Und dieser ist wegen der Persönlichkeit und der überragenden Präsenz von Falk Struckmann ideal besetzt. Er verfügt zwar über einen teils etwas knorrigen aber immer gewaltigen, kraftvollen, pechschwarzen Bass. Zudem ist er ein Hagen zum Fürchten, ungemein böse und intrigantenhaft. Er kehrte szenisch den fiesen, genialen Drahtzieher des Geschehens gerade widerlich hervor, dem das Geschwisterpaar Gunter, dieser wird von Tomasz Konieczny sehr kultiviert gesungen und von der Regie als völliges Weichei gezeichnet, und Gutrune, die etwas blass von Anna Gabler interpretiert wir, beinahe hündisch ergeben ist. Hagen selbst wird wiederum als Marionette seines Vaters Alberich gezeigt. Jochen Schmeckenbecher verleiht ihm ein besonders prägnantes Profil.

Iréne Theorin singt die Brünnhilde stimmgewaltig und nur teilweise etwas zu vibratoreich: Nach starkem Beginn hat sie auch für ihren großen Schlussgesang noch genügend Kraftreserven. Ihr Sopran bleibt immer warmtimbriert und schafft mühelos alle Spitzentöne. Immer noch beinahe untadelig ist auch die Gesangsleistung von Stephen Gould. Er singt die schwere Partie des Siegfried mit scheinbar unerschöpflichen Kraftreserven mit all ihrer Schönheit seines wunderbar baritonal klingenden Tenors und allen Spitzentönen. Herausragend hört man auch die große Waltraud Meier als Waltraute. Die drei Nornen mit Monika Bohinec, Ulrike Hetzel und Fiona Jopson, und die drei Rheintöchter mit Maria Nazarova als Woglinde, Ulrike Helzel als Wellgunde und Zoryana Kushpler als Flosshilde singen alle auf Staatsopernniveau, ihre entbehrlichen Badekappen und Trockenschwimmübungen zwischen den Booten sind leider immer noch zu erleben. Untadelig, kräftig und durchsichtig singt auch der Chor des Hauses, der von Thomas Lang wieder verlässlich einstudiert wurde.

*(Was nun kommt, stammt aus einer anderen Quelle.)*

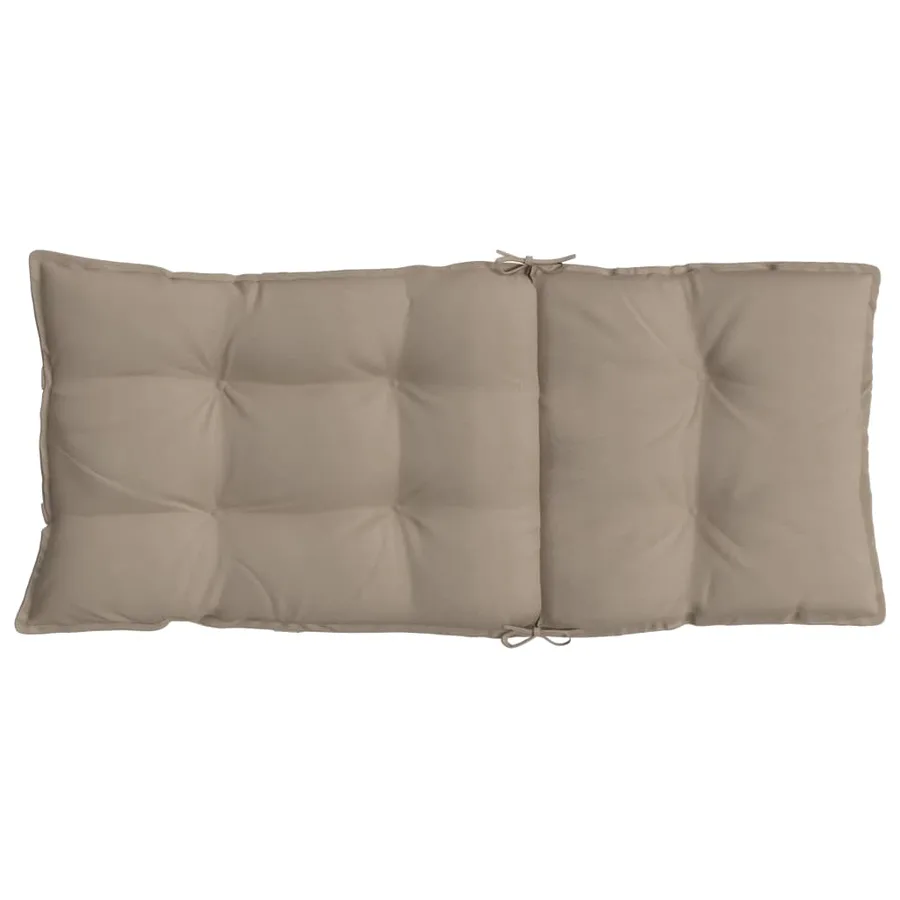 Coussins de chaise à dossier haut lot de 4 taupe tissu oxford - 7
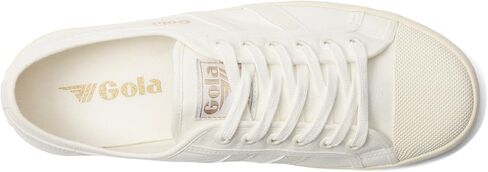 Gola Women's Coaster Sneaker, Off-White/Off-White/Gold, 8.5 in Saudi Arabia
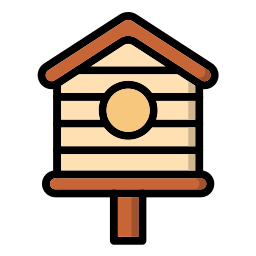 Bird house icon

Auch aus dem Graben vernimmt Besonderes: Dort musiziert das Orchester der Wiener Staatsoper unter Axel Kober mit wunderbarem Wohlklang, feiner Subtilität, kammermusikalischer Transparenz aber auch hochdramatischen, spannungsgeladenen Ausbrüchen.

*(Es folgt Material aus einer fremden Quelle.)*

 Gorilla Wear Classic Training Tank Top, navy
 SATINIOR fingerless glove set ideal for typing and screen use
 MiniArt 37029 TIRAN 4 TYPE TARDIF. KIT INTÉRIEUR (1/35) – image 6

Großer Jubel des Publikums im vollen Haus.

Weiters erlebt man im Stream eine profunde Einführungen vom Dramaturgen  Oliver Láng, Pausengespräche über die Leitmotive Wagners zum „Ring des Nibelungen“ mit dem Studienleiter Jendrik Springer sowie ein Porträt mit dem Konzertmeister Volkhard Steude und Interviews mit dem Sänger Tomasz Konieczny sowie dem technischen Direktor und einer Führung durch einige Pausensäle des Hauses.